What to do: Would you copy exactly the lines in the data below from the one that has "Beacon Road, Bournemouth" through the one that has "410 140th Avenue E Madeira Beach FL 33708", dropping any pictures?

··· Given records ···

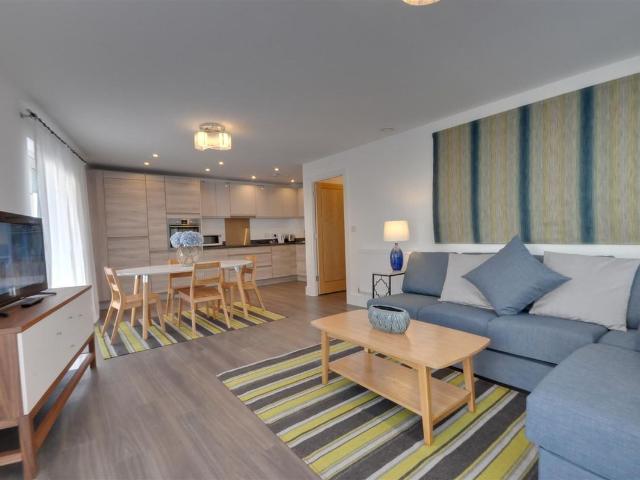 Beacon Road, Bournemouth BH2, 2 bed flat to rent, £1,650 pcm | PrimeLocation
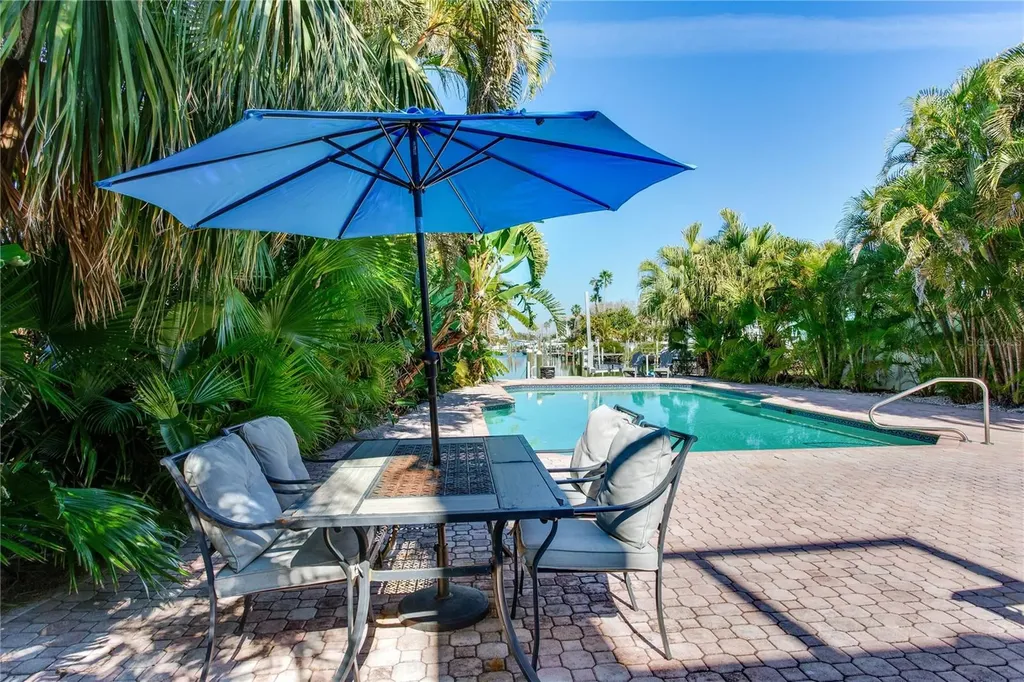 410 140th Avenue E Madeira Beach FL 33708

···
··· Given records ···

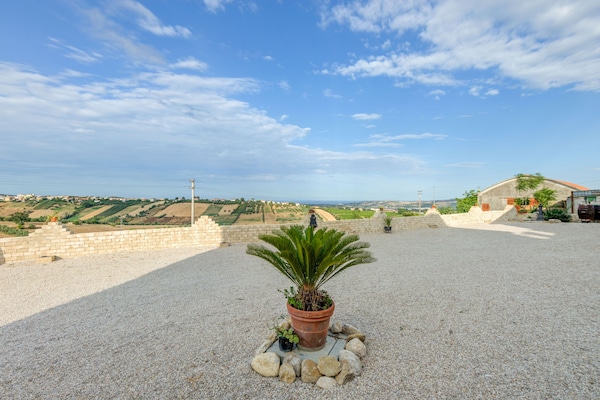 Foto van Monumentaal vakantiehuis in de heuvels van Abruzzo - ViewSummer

···
··· Given records ···

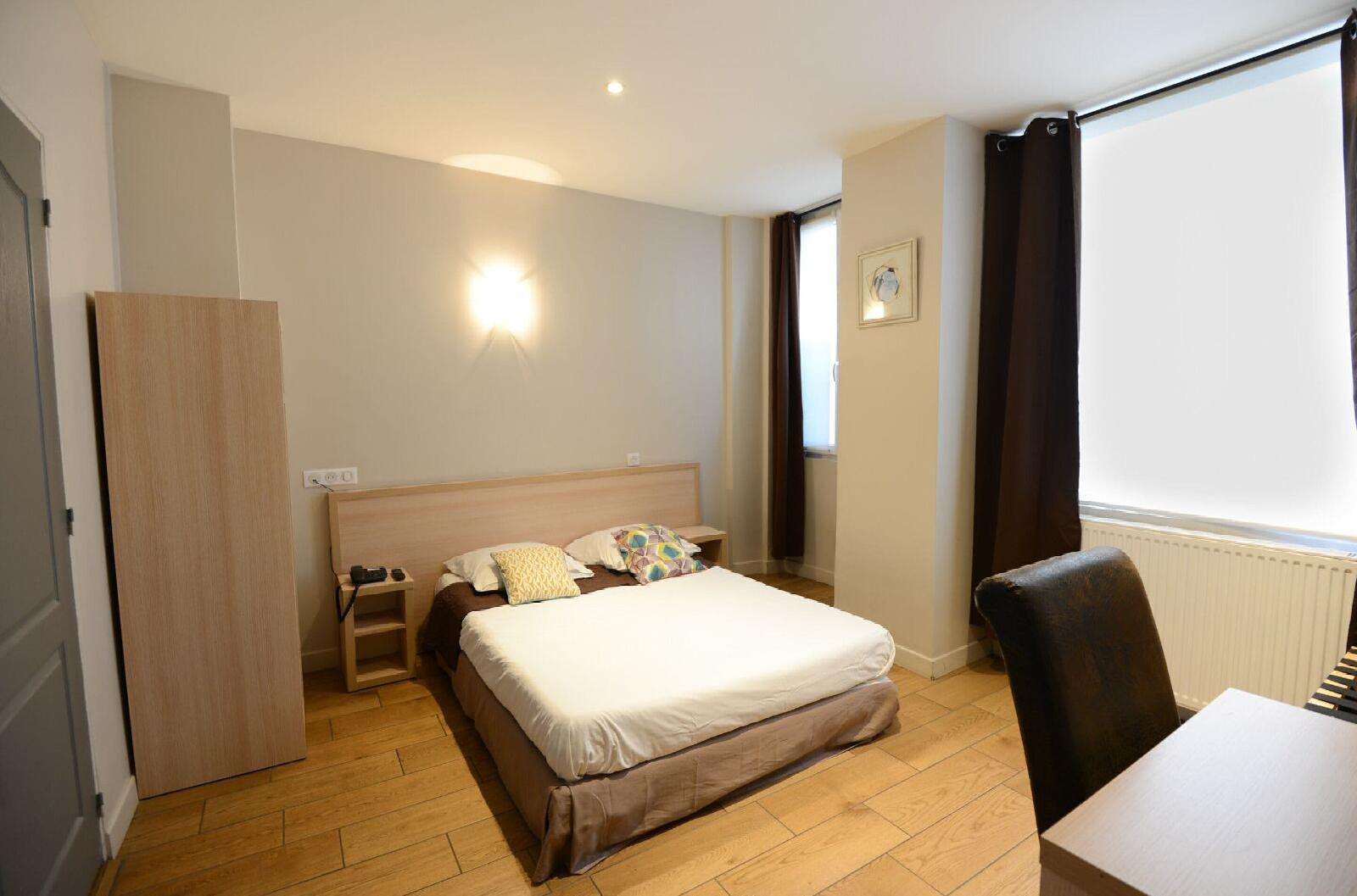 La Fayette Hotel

···

Reply:
 Beacon Road, Bournemouth BH2, 2 bed flat to rent, £1,650 pcm | PrimeLocation
 410 140th Avenue E Madeira Beach FL 33708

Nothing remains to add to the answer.